▸ Aim of the exercise
Repeat the records. Leave nothing out.

---------------

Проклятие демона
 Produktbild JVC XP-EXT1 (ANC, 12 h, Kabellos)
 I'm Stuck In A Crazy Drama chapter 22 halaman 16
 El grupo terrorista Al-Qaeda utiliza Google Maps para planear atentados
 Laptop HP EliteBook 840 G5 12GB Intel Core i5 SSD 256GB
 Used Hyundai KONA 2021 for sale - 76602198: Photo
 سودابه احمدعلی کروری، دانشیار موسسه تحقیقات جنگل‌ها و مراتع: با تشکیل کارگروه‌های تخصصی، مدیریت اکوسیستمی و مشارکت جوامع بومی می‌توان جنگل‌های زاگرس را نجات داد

---------------

▸ Finished task
Проклятие демона
 Produktbild JVC XP-EXT1 (ANC, 12 h, Kabellos)
 I'm Stuck In A Crazy Drama chapter 22 halaman 16
 El grupo terrorista Al-Qaeda utiliza Google Maps para planear atentados
 Laptop HP EliteBook 840 G5 12GB Intel Core i5 SSD 256GB
 Used Hyundai KONA 2021 for sale - 76602198: Photo
 سودابه احمدعلی کروری، دانشیار موسسه تحقیقات جنگل‌ها و مراتع: با تشکیل کارگروه‌های تخصصی، مدیریت اکوسیستمی و مشارکت جوامع بومی می‌توان جنگل‌های زاگرس را نجات داد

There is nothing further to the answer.